Halifax ranks 24th among 31 cities in the Maclean’s review.

Halifax ranks among the low performers in Maclean’s magazine’s review of Canada’s best-run cities.
The largest city in Atlantic Canada comes in at No. 24 among 31 cities that the Atlantic Institute for Market Studies scrutinized for the new issue of Maclean’s, which hits newsstands today.

“Yes, that is pretty low on the list,” was all a Maclean’s representative would say Thursday about Halifax’s placing.

The best-run city in Canada is Burnaby, B.C., according to the magazine. It is described as a smooth-running municipal machine that others should emulate. The only Atlantic Canadian city to make the top 10 is Saint John, N.B. Halifax Regional Municipality, which can lay claim to the most awkward moniker on the list, is just ahead of other poorly ranked cities such as Fredericton, Charlottetown, Victoria, Laval, Que., and Barrie, Windsor and Kingston in Ontario.

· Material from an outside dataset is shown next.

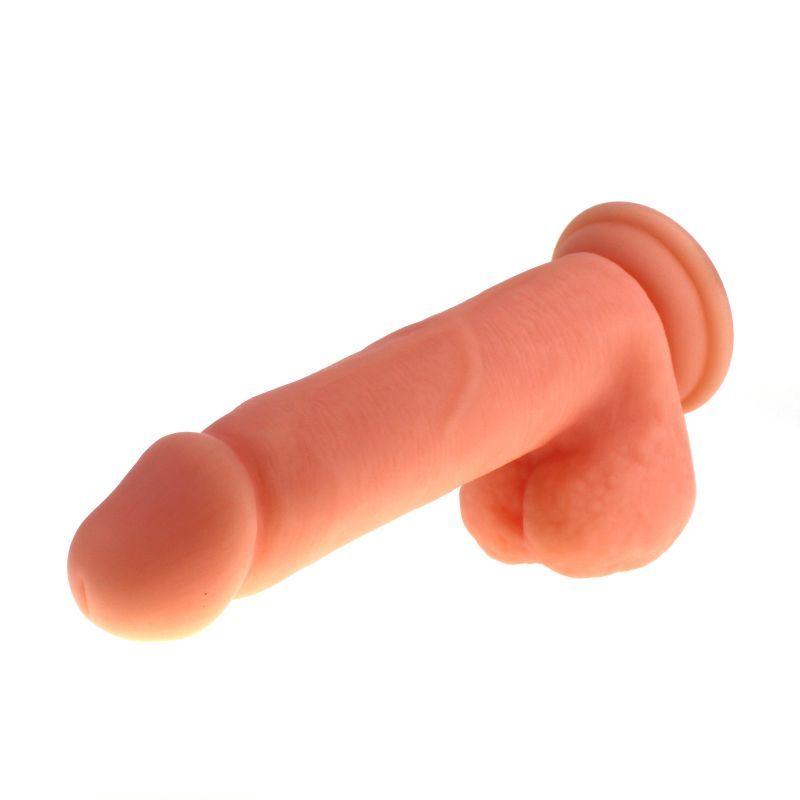 Large Penis shaped dildo with balls on a suction base in flesh colour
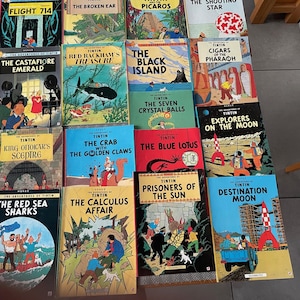 Peut inclure: Une collection de bandes dessin&eacute;es Tintin, pr&eacute;sentant divers titres aux couvertures color&eacute;es. Les titres incluent "Vol 714 pour Sydney", "L'Oreille cass&eacute;e", "Les Bijoux de la Castafiore" et "Le Tr&eacute;sor de Rackham le Rouge". Les livres sont dispos&eacute;s sur une surface.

The magazine describes Charlottetown, ranked 28th, as a city that “may be resting too much on its homey reputation and heritage industry.” St. John’s, N.L., and Thunder Bay, Ont., are among the cities that rank higher than Halifax.

AIMS, a Halifax think-tank, considered population, police and fire services, public transit, road conditions, garbage collection, socio-economic status and taxation levels in conducting the first review of its type for Maclean’s.